I’m out of pocket this week while we are on our mission trip in Kentucky. I thought a good idea for posting this week would be to share with you some of my favorite passages from the different books sitting on my desk. It is in these passages where I found myself being hooked by the ideas and concepts contained within their pages.
I hope that these quick takes will encourage you and connect with you in some way this week. Enjoy.
Our final passage this week comes from Mark Galli’s latest, Beyond Smells and Bells: the Wonder and Power of Christian Liturgy.
We can only become one if there are really two to begin with.

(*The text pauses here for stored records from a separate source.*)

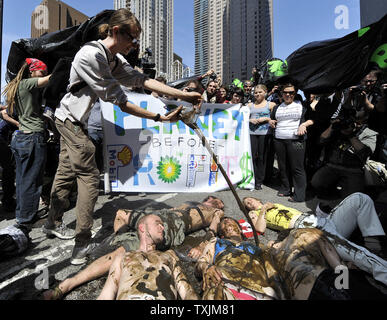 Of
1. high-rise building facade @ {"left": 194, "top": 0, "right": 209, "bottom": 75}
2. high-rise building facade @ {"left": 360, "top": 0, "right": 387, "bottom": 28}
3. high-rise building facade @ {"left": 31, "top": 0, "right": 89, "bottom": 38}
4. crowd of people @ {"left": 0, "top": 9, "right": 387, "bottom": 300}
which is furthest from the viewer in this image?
high-rise building facade @ {"left": 194, "top": 0, "right": 209, "bottom": 75}

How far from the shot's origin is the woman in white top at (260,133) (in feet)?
14.8

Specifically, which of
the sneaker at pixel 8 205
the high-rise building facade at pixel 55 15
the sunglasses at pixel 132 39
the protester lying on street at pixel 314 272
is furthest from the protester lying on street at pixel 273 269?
the high-rise building facade at pixel 55 15

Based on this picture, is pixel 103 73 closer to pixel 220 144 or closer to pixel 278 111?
pixel 220 144

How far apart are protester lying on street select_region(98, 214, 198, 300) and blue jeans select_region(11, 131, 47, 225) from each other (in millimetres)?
1640

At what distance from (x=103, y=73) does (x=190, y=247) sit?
172 cm

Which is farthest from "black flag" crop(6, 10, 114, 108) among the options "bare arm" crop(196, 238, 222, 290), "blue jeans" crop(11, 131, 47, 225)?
"bare arm" crop(196, 238, 222, 290)

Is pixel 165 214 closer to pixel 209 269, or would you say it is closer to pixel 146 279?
pixel 209 269

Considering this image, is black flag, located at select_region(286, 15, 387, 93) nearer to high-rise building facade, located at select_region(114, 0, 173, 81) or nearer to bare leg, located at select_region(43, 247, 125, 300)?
bare leg, located at select_region(43, 247, 125, 300)

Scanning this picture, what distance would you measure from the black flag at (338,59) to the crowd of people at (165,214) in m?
0.19

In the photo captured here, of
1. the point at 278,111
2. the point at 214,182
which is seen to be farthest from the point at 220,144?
the point at 278,111

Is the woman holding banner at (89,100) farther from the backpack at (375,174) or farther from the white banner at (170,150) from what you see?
the backpack at (375,174)

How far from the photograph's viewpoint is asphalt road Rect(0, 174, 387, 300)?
5.55 ft

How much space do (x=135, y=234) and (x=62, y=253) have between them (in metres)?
0.71

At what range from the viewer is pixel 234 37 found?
74.9m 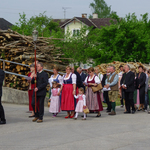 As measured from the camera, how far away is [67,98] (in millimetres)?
11711

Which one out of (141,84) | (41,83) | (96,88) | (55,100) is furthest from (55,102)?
(141,84)

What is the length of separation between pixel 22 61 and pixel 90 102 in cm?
799

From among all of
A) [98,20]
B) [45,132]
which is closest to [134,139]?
[45,132]

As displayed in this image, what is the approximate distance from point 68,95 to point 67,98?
0.34 feet

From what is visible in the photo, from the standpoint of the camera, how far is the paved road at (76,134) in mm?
7066

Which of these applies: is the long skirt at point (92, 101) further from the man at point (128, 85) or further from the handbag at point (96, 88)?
the man at point (128, 85)

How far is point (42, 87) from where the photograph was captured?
10586 mm

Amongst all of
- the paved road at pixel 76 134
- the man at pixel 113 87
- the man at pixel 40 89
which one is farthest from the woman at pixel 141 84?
the man at pixel 40 89

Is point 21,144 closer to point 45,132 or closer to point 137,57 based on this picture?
point 45,132

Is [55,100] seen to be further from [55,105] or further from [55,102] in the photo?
[55,105]

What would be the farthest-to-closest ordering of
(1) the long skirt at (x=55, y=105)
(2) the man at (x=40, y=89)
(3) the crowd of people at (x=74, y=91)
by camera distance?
(1) the long skirt at (x=55, y=105) → (3) the crowd of people at (x=74, y=91) → (2) the man at (x=40, y=89)

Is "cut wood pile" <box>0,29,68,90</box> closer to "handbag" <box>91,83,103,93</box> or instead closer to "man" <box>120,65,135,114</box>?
"man" <box>120,65,135,114</box>

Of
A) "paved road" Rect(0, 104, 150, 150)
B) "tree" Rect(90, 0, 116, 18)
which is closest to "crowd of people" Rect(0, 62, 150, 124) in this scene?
"paved road" Rect(0, 104, 150, 150)

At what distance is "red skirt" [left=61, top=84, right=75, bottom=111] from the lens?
38.2 feet
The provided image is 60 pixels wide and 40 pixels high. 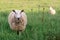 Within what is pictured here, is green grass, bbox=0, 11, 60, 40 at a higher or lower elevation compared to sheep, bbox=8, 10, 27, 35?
lower

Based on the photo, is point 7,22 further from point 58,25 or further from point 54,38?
point 54,38

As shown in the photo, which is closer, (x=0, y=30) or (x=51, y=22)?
(x=0, y=30)

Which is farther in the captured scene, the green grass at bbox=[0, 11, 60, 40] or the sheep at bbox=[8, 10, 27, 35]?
the sheep at bbox=[8, 10, 27, 35]

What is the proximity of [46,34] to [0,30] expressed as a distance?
1.43 m

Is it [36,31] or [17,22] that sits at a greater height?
[17,22]

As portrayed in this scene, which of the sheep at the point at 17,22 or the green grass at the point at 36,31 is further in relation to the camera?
the sheep at the point at 17,22

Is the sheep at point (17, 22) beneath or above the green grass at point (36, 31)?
above

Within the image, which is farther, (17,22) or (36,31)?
(17,22)

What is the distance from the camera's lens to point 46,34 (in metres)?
7.91

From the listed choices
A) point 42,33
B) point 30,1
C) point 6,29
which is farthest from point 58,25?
point 30,1

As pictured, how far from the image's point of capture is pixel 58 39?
24.8ft

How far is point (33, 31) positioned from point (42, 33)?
277 mm

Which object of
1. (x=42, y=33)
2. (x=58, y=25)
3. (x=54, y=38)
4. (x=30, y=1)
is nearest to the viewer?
(x=54, y=38)

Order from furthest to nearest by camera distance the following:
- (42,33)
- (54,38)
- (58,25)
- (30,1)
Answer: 1. (30,1)
2. (58,25)
3. (42,33)
4. (54,38) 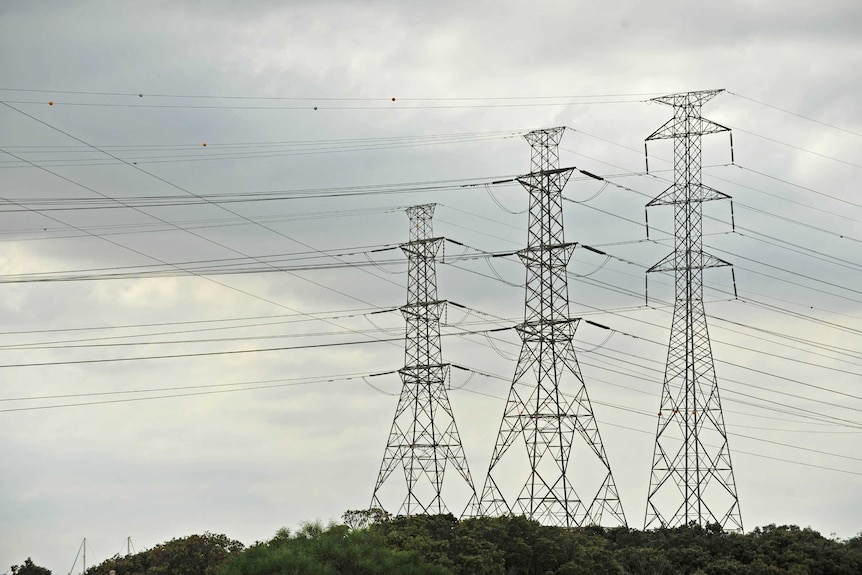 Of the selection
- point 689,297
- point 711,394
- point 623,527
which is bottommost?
point 623,527

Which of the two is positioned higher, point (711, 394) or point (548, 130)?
point (548, 130)

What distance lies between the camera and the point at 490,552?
63.3m

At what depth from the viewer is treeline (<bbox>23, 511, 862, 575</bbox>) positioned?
5708 cm

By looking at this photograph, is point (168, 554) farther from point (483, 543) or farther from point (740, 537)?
point (740, 537)

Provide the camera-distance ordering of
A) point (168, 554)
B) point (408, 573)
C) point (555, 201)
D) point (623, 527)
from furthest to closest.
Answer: point (623, 527), point (555, 201), point (168, 554), point (408, 573)

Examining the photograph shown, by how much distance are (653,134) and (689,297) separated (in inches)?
432

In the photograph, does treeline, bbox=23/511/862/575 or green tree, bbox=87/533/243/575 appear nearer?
treeline, bbox=23/511/862/575

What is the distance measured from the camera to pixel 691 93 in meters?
81.4

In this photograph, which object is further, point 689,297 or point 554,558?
point 689,297

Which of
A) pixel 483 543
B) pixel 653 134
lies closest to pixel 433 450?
pixel 483 543

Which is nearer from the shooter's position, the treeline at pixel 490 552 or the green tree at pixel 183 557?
the treeline at pixel 490 552

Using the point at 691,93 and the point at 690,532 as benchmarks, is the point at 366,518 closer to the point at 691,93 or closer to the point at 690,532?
the point at 690,532

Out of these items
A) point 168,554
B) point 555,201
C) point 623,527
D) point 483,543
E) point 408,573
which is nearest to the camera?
point 408,573

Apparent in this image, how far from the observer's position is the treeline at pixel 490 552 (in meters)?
57.1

The same dynamic is at work in worship. Like most people, I’m desperate for intimacy with God, so my instinct os to glom onto prayers and songs that make God seem close. But when I begin here, I am tempted to identify God with the warm feelings such ptayers and songs generate. I sing a “worshipful” song, and I get “worshipful” feelings- and I assume that’s God. Do this habitually, thoughtlessly, prayerlessly, and it’s easy to end up with a relationship with a glroified self.
But the liturgy puts the brake on narcissism right up front. When we are forcefully reminded that we are not worshiping an idealized form of the self, but a God “in heaven,” a “holy” God, a genuine Other.
At that very moment intimacy with God becomes possible. The possibility of mistaking God for the self has been taken off the table. Now a human self and the Devine Self- utterly unlike each other- begin to relate to each other. Union can come of these two.